> Listed entries
::::::::::

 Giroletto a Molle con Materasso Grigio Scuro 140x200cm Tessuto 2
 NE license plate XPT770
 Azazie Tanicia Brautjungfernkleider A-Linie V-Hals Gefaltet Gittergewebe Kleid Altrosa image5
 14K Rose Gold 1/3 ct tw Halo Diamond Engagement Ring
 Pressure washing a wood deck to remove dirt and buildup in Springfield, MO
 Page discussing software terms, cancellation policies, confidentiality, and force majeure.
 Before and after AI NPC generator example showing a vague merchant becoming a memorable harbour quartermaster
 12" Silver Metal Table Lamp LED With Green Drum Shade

::::::::::

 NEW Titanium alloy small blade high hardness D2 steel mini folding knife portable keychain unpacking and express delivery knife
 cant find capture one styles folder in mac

::::::::::

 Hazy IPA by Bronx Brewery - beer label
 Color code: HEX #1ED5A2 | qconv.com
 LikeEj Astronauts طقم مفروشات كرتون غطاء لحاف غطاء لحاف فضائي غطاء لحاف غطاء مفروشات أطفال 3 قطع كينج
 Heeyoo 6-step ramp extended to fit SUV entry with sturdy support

::::::::::

> What you need to do
What are the lines above, starting at the one with "Color code: HEX #1ED5A2 | qconv.com" and ending at the one with "Heeyoo 6-step ramp"? Give them again exactly, and only them.

> Result
 Color code: HEX #1ED5A2 | qconv.com
 LikeEj Astronauts طقم مفروشات كرتون غطاء لحاف غطاء لحاف فضائي غطاء لحاف غطاء مفروشات أطفال 3 قطع كينج
 Heeyoo 6-step ramp extended to fit SUV entry with sturdy support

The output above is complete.